El traslado de la elefanta Mara anticipa el fin de los zoológicos como lugares de cautiverio y del contacto directo con los grandes animales.
A la distancia que imponen los zoológicos, donde una fosa y una baranda alejan al espectador, el ojo de un elefante asiático parece apenas un punto negro perdido entre la piel arrugada de los párpados caídos. A la distancia que está parado Walter Gómez, sin embargo, el ojo de Mara es tan grande como una pelota de golf, y hasta tiene brillo. Las grietas de la piel color cemento parecen piezas de un rompecabezas gigante dibujadas a lo largo de su lomo. "Mara, atrás, más atrás, más atrás", dice Walter. El exceso de piel que cae sobre sus patas es como el desborde de lava creado por un volcán y las orejas son apenas una tela que cae suave y desordenada sobre los costados de su cabeza. "No, Mara, más atrás. Eso, eso", sigue Walter, mientras Mara avanza y retrocede, como un auto que intenta estacionar. Ahora sí: Mara hace la última maniobra y la trompa queda enmarcada y asoma por el rectángulo donde las rejas están abiertas, mientras el resto de su cuerpo sigue dentro de la jaula. Otro cuidador, parado detrás de Walter, hace sonar un silbato, y Mara recibe un pedazo de manzana, que envuelve con la punta de la trompa y se lleva a la boca. Walter le hace una seña al segundo cuidador, que toma la trompa de la elefanta y vierte en ella parte del contenido de una botella de plástico. "Mara, arriba, más arriba, Mara", dice Walter. Mara levanta la trompa apenas a la altura de sus ojos. "Más, más, más", pero Mara ya no quiere contener la solución salina que le dieron, baja la trompa y suelta el líquido en una bolsa de nylon que se apuran a colocar justo debajo. De nuevo, el silbato, una felicitación y un pedazo de manzana. El cuidador vuelve a regar el interior de la trompa con el líquido y Walter vuelve a animarla para que la mantenga en alto el mayor tiempo posible. Esta vez, la trompa se erige recta por encima de su cuerpo, alta, gloriosa. "Muy bien, sí, así, Mara, eso", festeja Walter y cuando la elefanta escupe por la trompa en la bolsa es con tanta fuerza que el agua hace burbujas y espuma y una parte se derrama en el piso del recinto de elefantes del Ecoparque porteño, exzoológico de Buenos Aires. Suena el silbato y Walter le da a Mara, bocado tras bocado, el contenido entero que quedaba en el balde con pedazos de manzana, zanahoria y calabaza. El segundo cuidador cierra la bolsa de nylon. El agua que quedó dentro es grisácea: tiene flema de trompa de elefante.
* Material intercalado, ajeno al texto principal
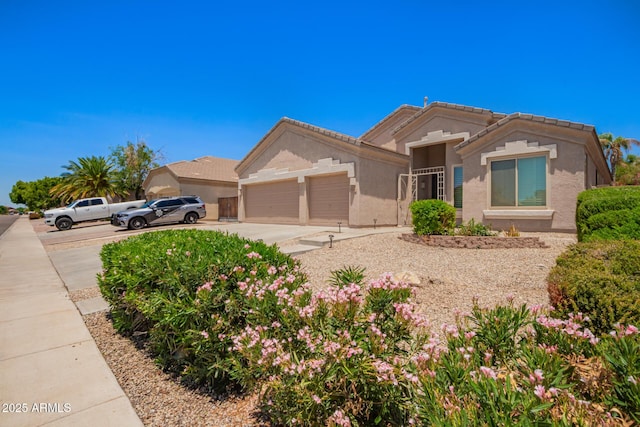 9142 W Pontiac Dr, Peoria, AZ 85382 - ranch-style house featuring an attached garage, concrete driveway, stucco siding, and a tile roof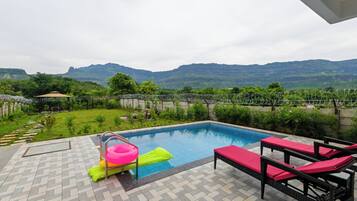 A swimming pool with a view of mountains, surrounded by a garden and a patio area with lounge chairs.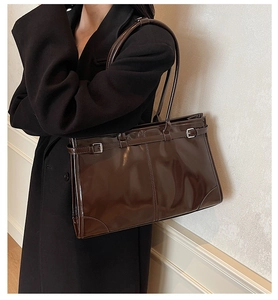 Macro detail of the dark brown glossy oil wax leather texture and silver buckle on tote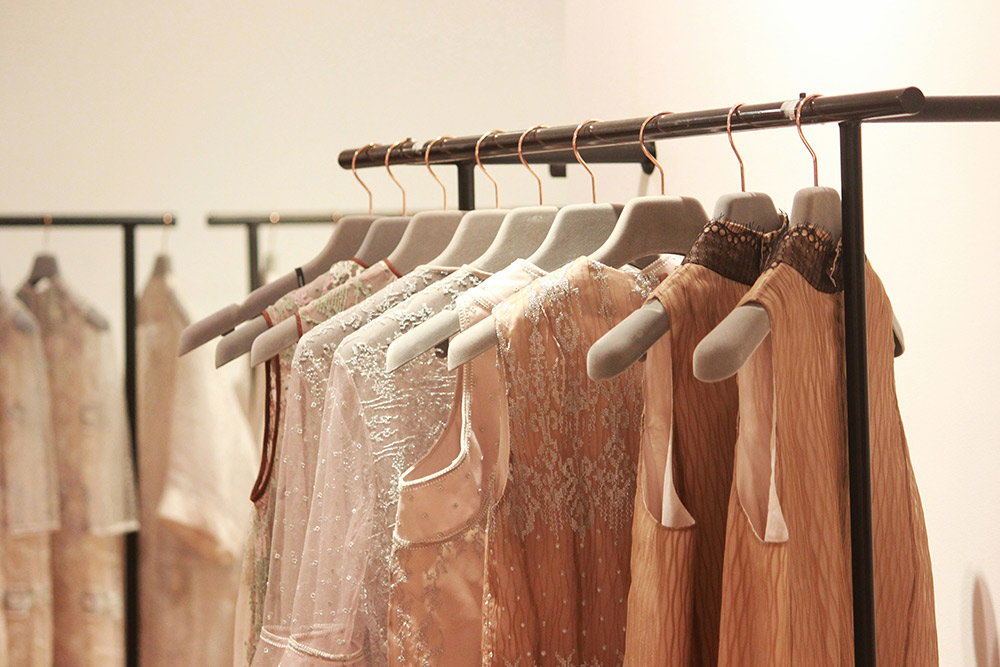 Embellished occasion dresses hanging on a rail in a boutique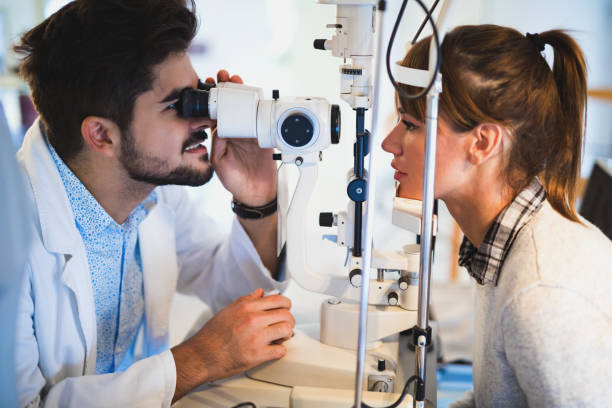 istock Young woman having her eyes examined by optometrist. 653850988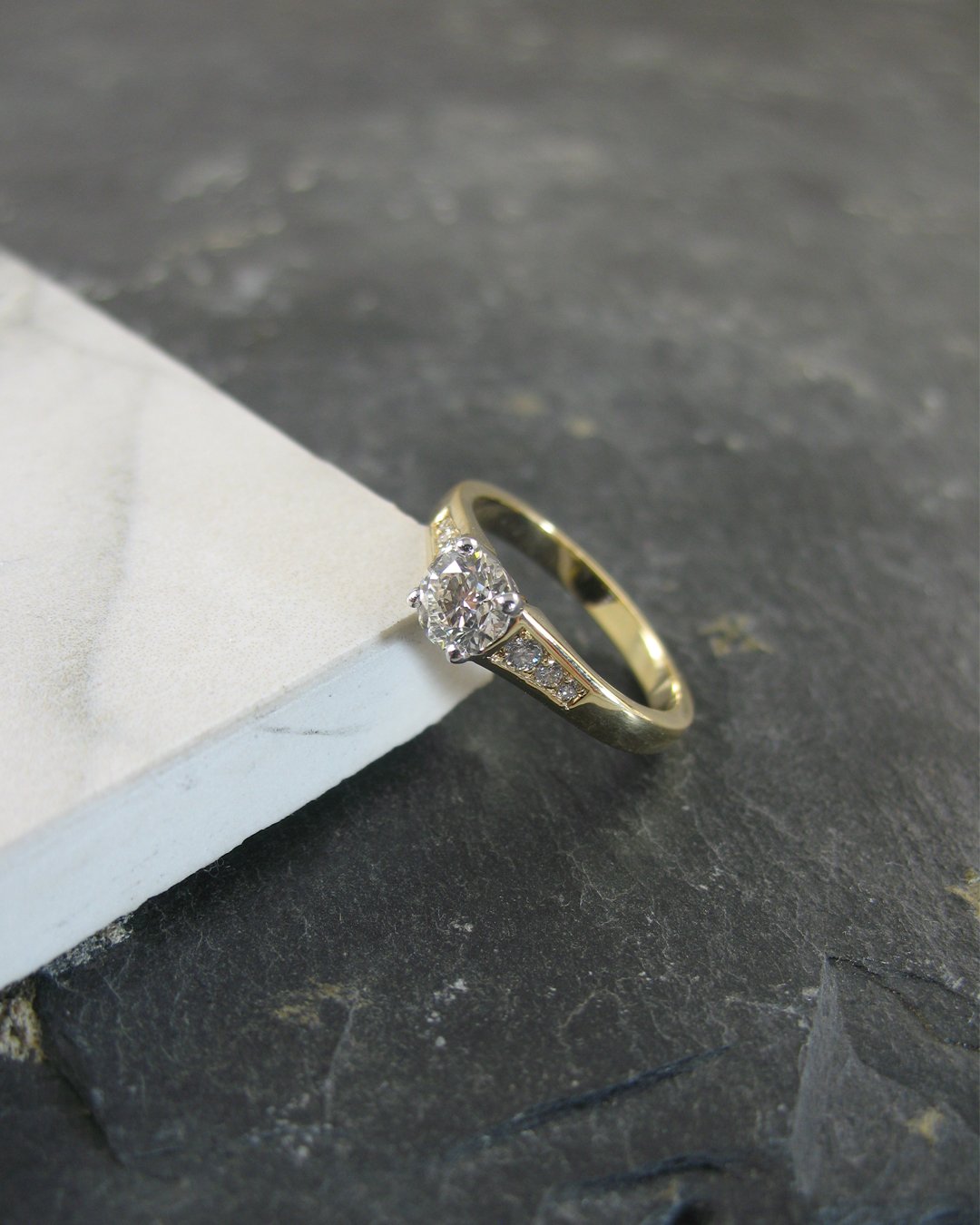 A contemporary yellow gold custom diamond engagement ring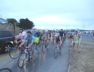 Festival attendees on bikes departing, Folk Festival 2018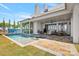 Luxury backyard with a pool, spa, outdoor patio, and a view of the lake at 8397 Ranger Island Marina Rd, Denver, NC 28037
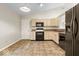 Bright kitchen featuring stainless steel appliances and neutral colored cabinetry at 9856 Commonwealth Dr, Fishers, IN 46038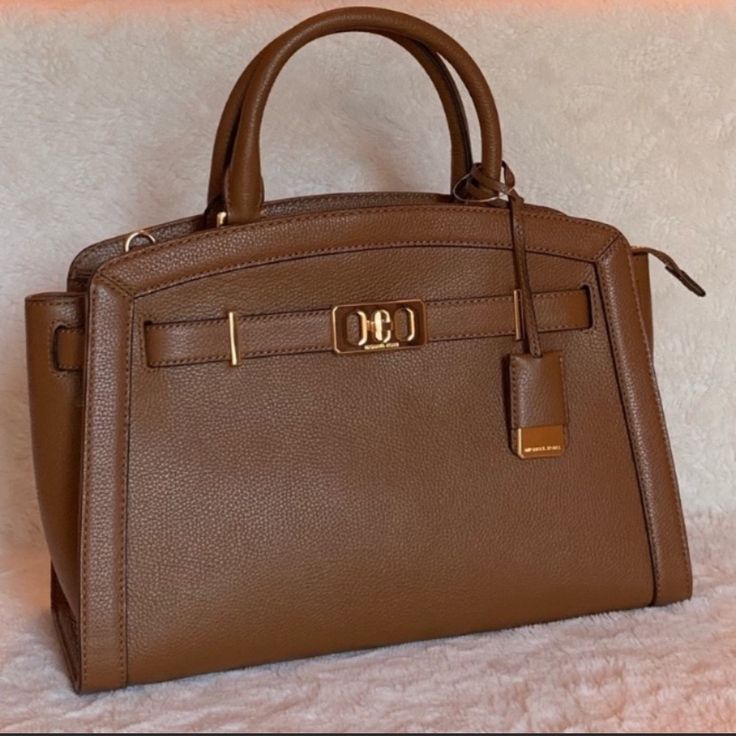 Michael Kors Karson Bag In Color Luggage. Crossbody Strap Included. Crafted From Pebbled Leather With Polished Hardware, This Satchel From Michael Michael Kors Is Simply Irresistible. -Medium Sized Bag; 12-3/4"W X 9-3/4"H X 5-1/2"D (Width Is Measured Across The Bottom Of Handbag); 2.03 Lbs. Approx. Weight -4-1/2"L Handles; 19"L To 21"L Adjustable Removable Strap -Zip Closure -Gold-Tone Exterior Hardware -1 Interior Zip Pocket & 4 Front Slip Pockets Brown Top Handle Box Bag With Branded Hardware, Brown Box Bag With Branded Hardware And Top Handle, Brown Box Bag With Branded Hardware For Travel, Brown Box Bag With Branded Hardware For Daily Use, Travel Satchel Box Bag With Branded Hardware, Travel Box Bag With Double Handle And Branded Hardware, Office Tote Box Bag With Branded Hardware, Classic Gold Satchel With Branded Hardware, Tan Box Bag With Gold-tone Hardware For Shopping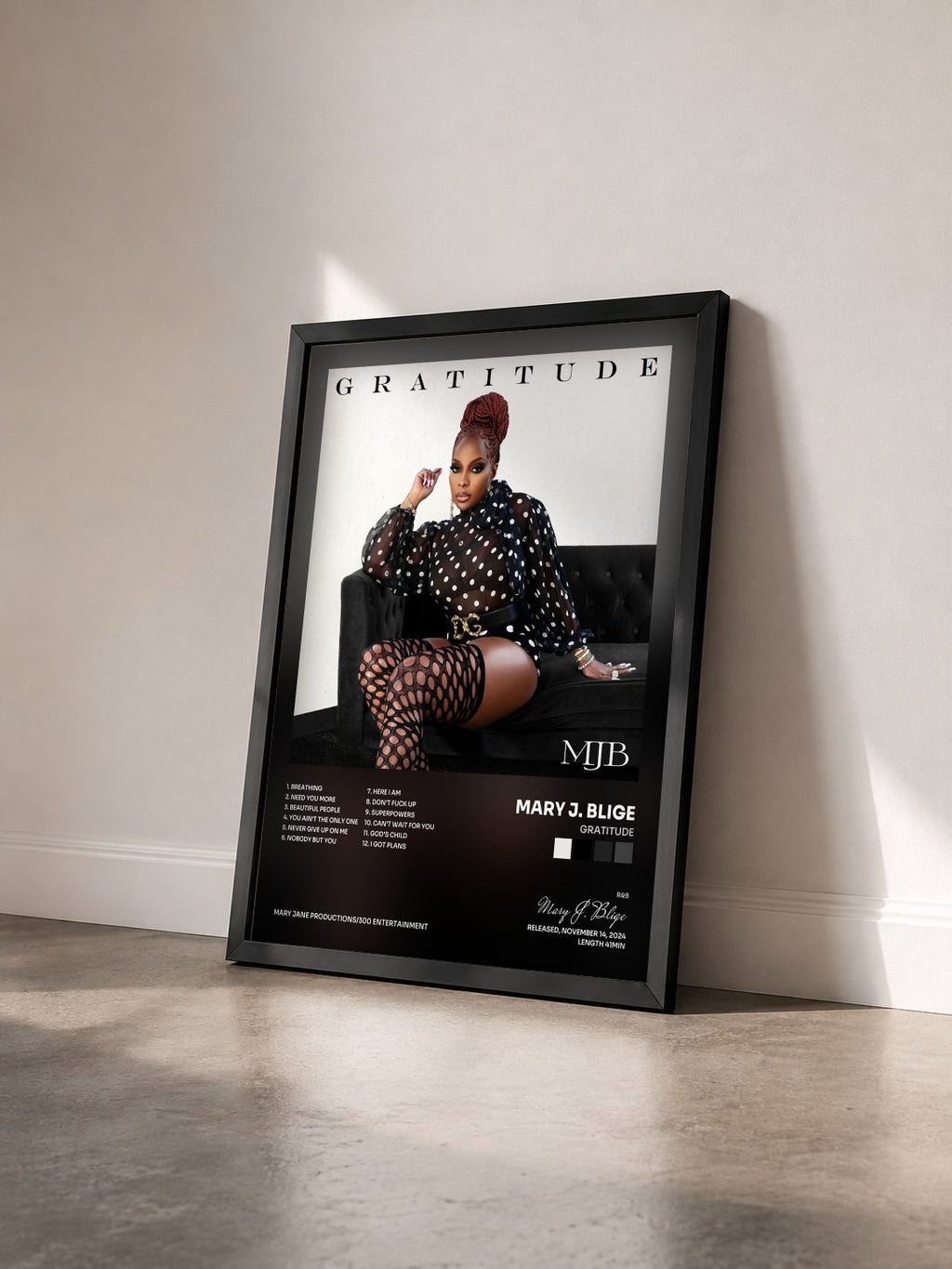 #noir Tableau de l'album Gratitude de Mary J. Blige vu de trois quarts, cadre noir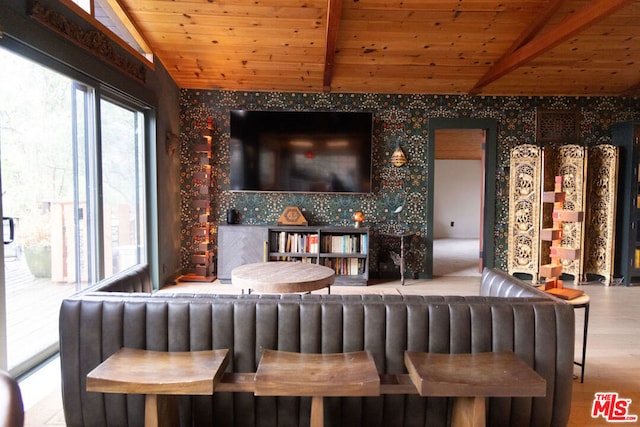 bar featuring lofted ceiling, radiator heating unit, light hardwood / wood-style floors, and wooden ceiling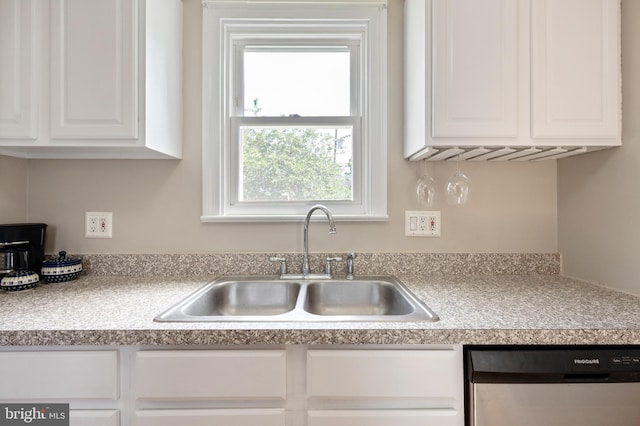 3809 13th St S, Arlington, VA 22204 - kitchen featuring stainless steel dishwasher, white cabinets, a sink, and light countertops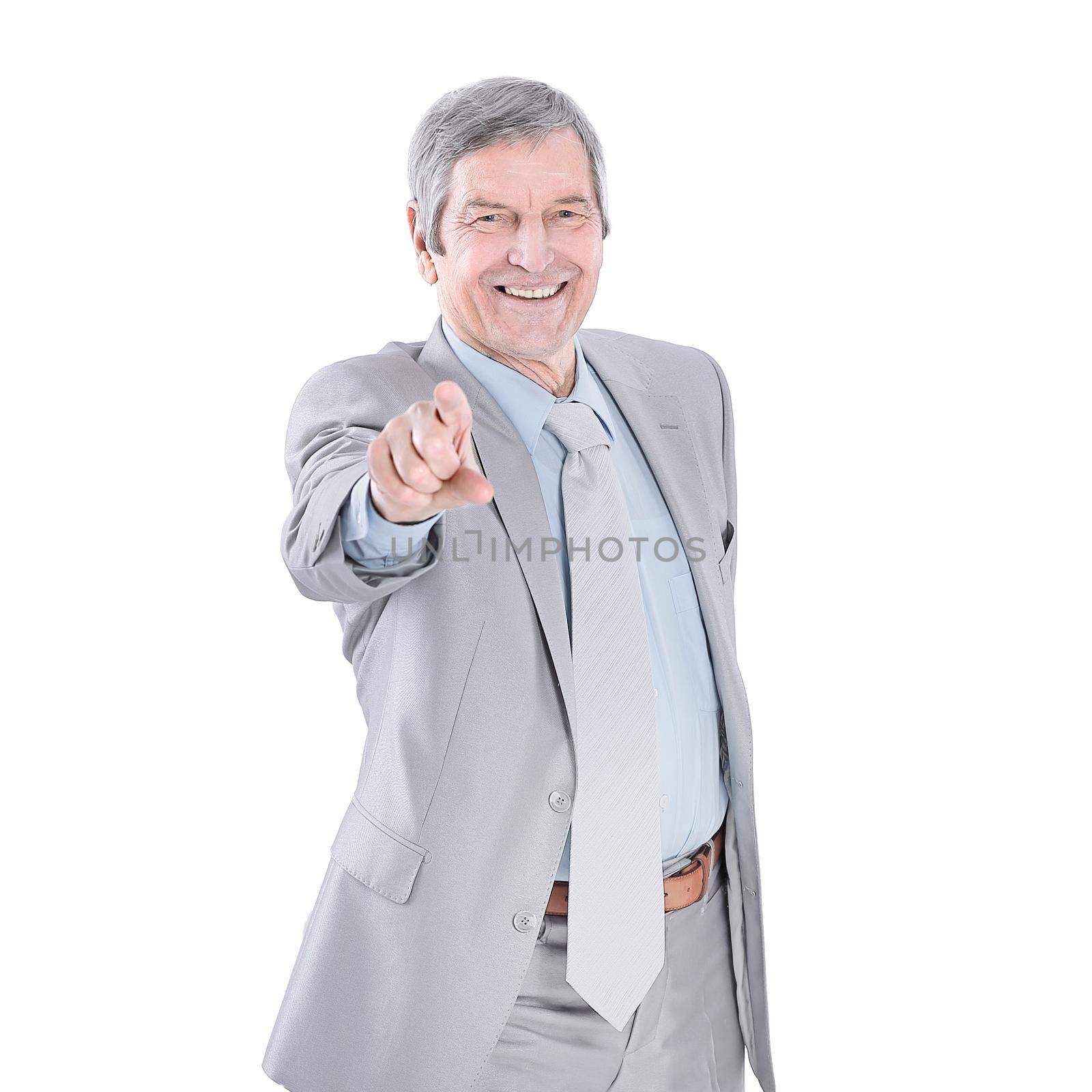 in full growth . Mature businessman pointing forward.isolated on white.photo with copy space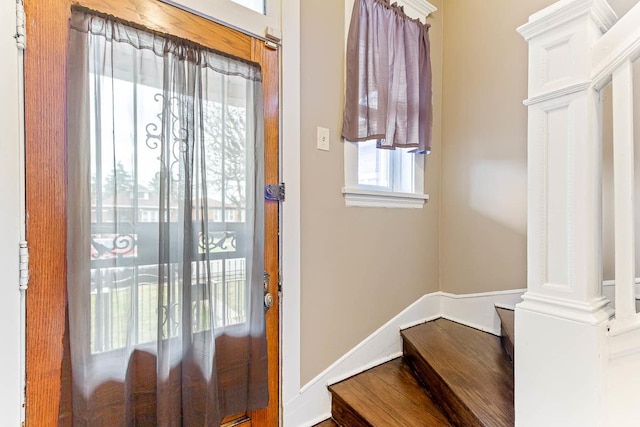 foyer entrance with baseboards and stairway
Mara está siendo preparada para dejar el exjardín zoológico de Buenos Aires, donde vive desde 1996, para irse a vivir a un santuario de elefantes en el Mato Grosso brasileño. Su traslado está en la agenda de asociaciones proteccionistas desde hace décadas y algunas de las concesiones que pasaron por la administración del zoo manifestaron la intención de concretarlo, pero el proyecto tomó fuerza definitiva cuando Horacio Rodríguez Larreta anunció que el zoológico iba a dejar de ser tal y convertirse en un parque gratuito dedicado a la conciencia ambiental. Pasó más de un año y medio desde el anuncio y, aunque Mara sigue viviendo en Sarmiento y Santa Fe, uno de los puntos en los que más subtes y colectivos coinciden en la ciudad, hay dos procesos que avanzan en paralelo para que el traslado se concrete.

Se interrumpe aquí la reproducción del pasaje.